#### [Captioned web image data]

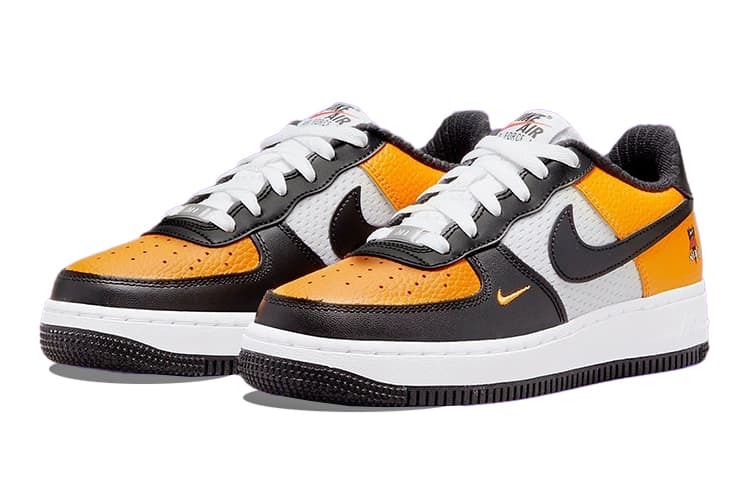 Nike Air Force 1 Low Black Gold Jersey Mesh GS 6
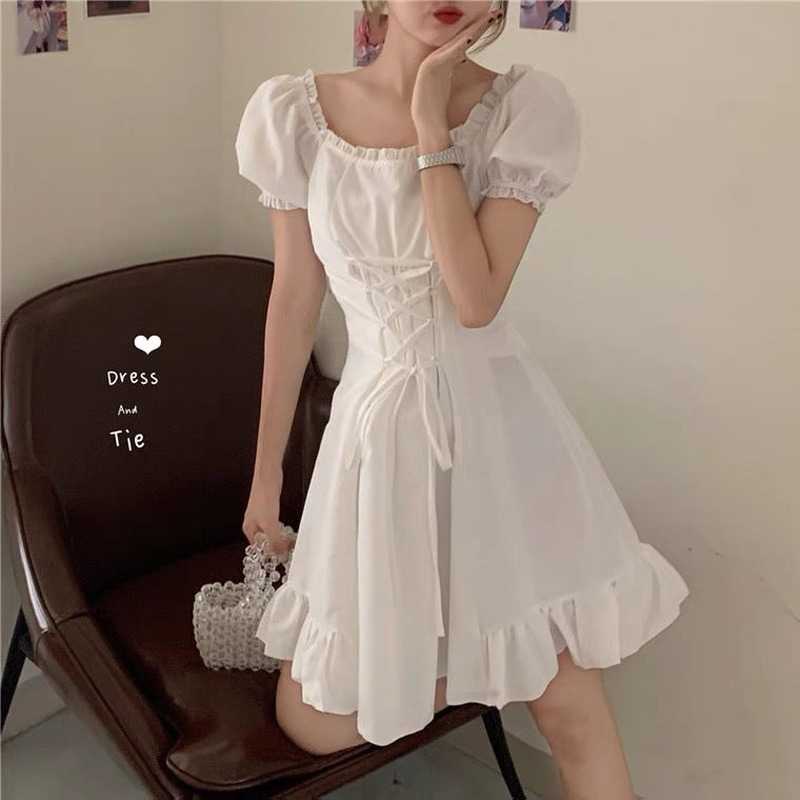 Trendy Streetwear Women Dress A-line Mini Sweet Summer Girls Cool Harajuku Puff Sleeve Empire Simple White Solid Mujer Vestido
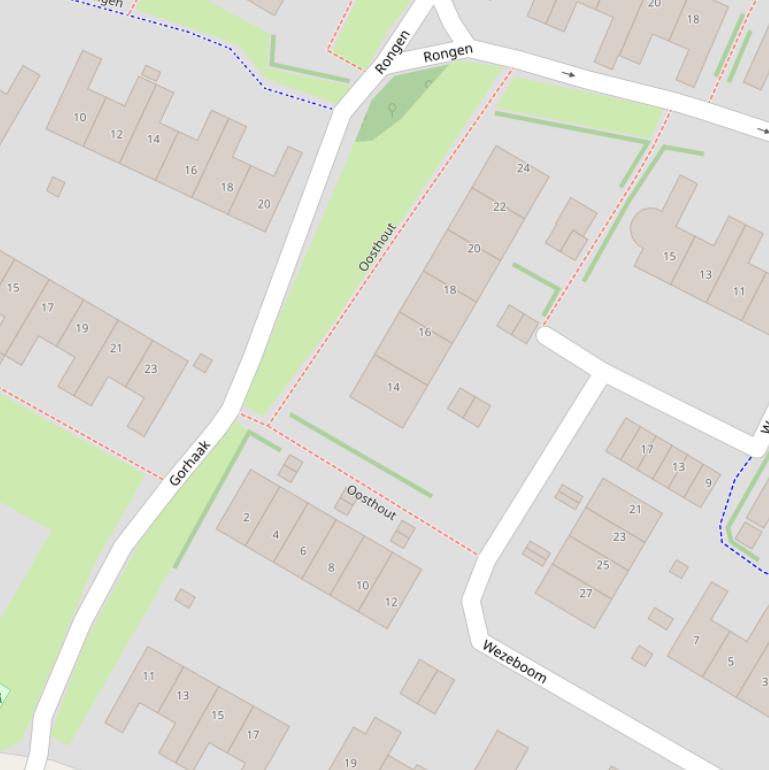 Kaart van  Oosthout.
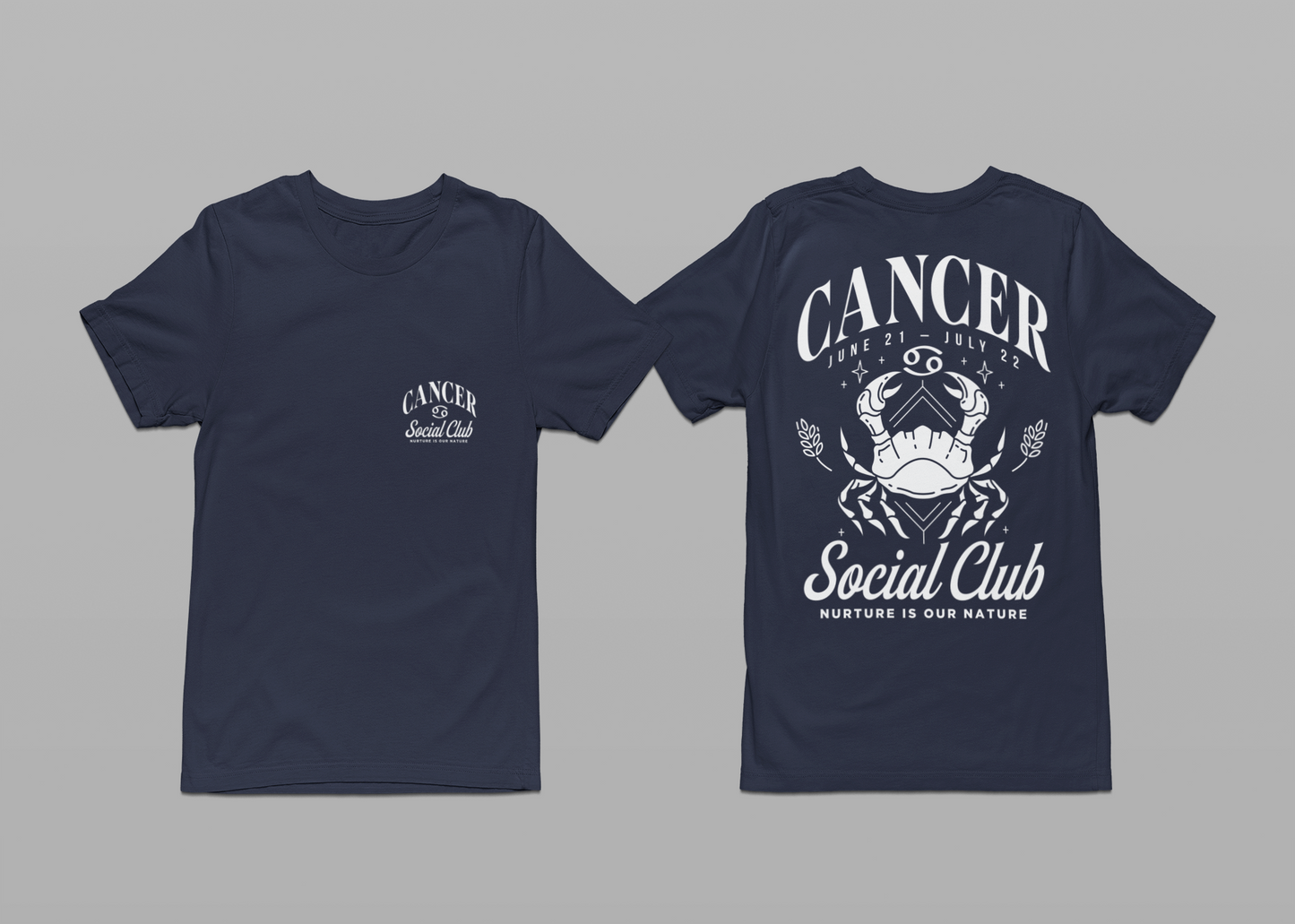 Cancer Social Club T-Shirt – Nurture Is Our Nature Zodiac Design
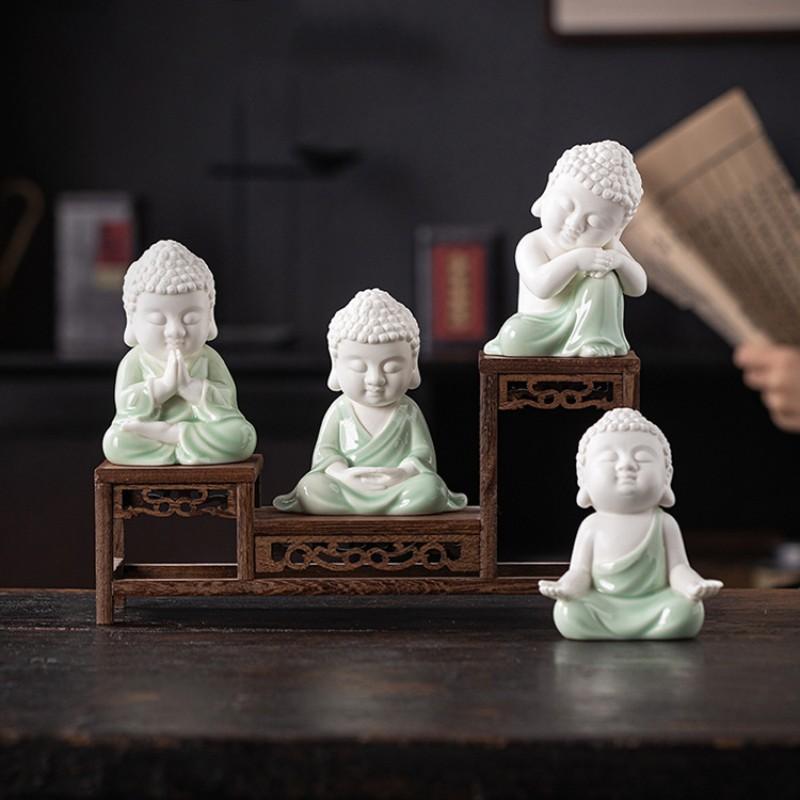 Zen Keramik Tathagata Buddha kleine Dekoration kreativer schöner Tee Buddha Teehaus Ornament Auto Haus Büro FENG SHUI Dekoration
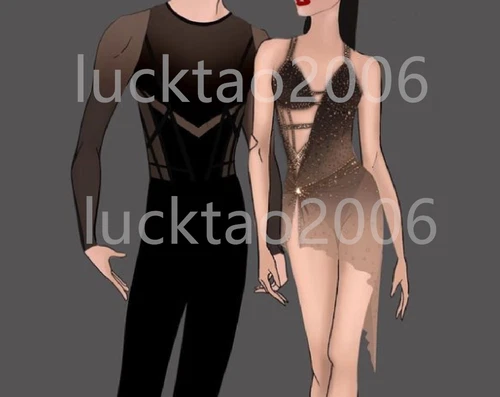 Figure Skating Dress Pair skating Ice Skating boy & girl's Costume Sparkle 88102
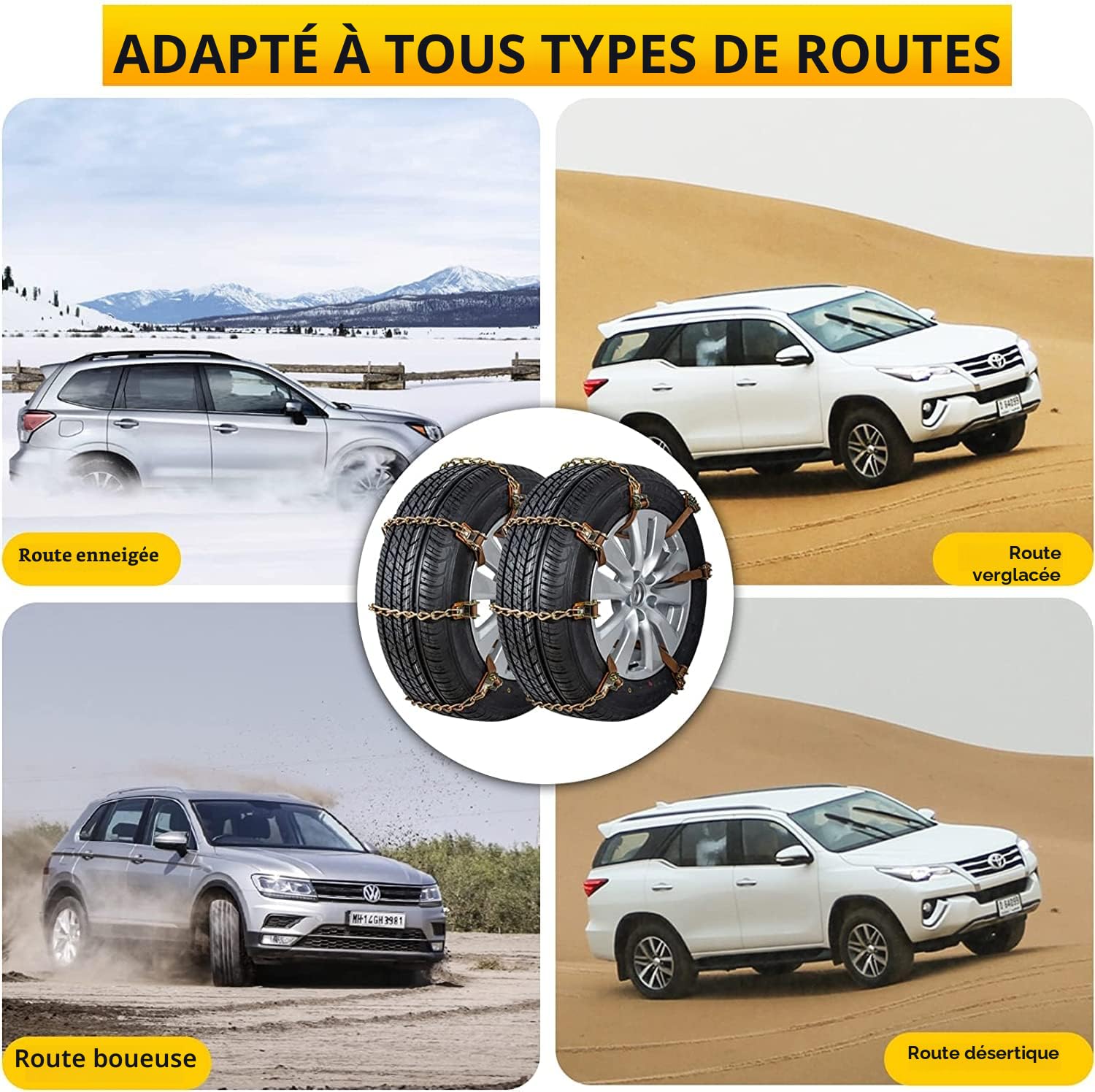 Chaînes à neige 8pcs Chaînes réglables antidérapantes avec pelle à neige en plastique et gants Facile à installer Chaîne à neige de pneu durable pour voiture, camion, SUV Roadway Snow Roads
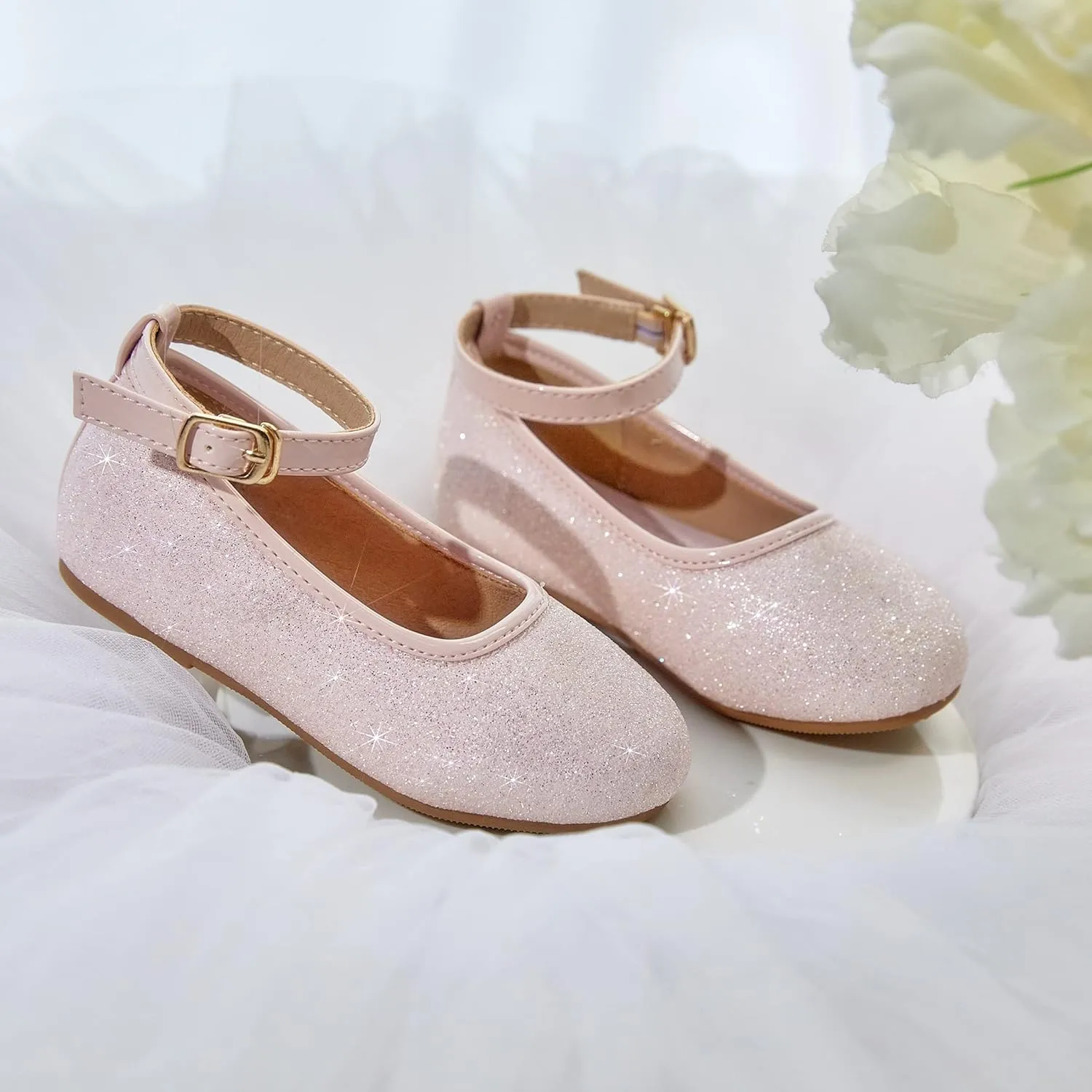 Toddler Flower Girl Dress Shoes - Little Girl Ballet Flats Sparkly Wedding Party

#### [What is being asked]
Taking the entries above, extract every line from the one bearing "Cancer Social Club" through the one bearing "Chaînes à neige", exactly, with no pictures.

#### [Written response]
 Cancer Social Club T-Shirt – Nurture Is Our Nature Zodiac Design
 Zen Keramik Tathagata Buddha kleine Dekoration kreativer schöner Tee Buddha Teehaus Ornament Auto Haus Büro FENG SHUI Dekoration
 Figure Skating Dress Pair skating Ice Skating boy & girl's Costume Sparkle 88102
 Chaînes à neige 8pcs Chaînes réglables antidérapantes avec pelle à neige en plastique et gants Facile à installer Chaîne à neige de pneu durable pour voiture, camion, SUV Roadway Snow Roads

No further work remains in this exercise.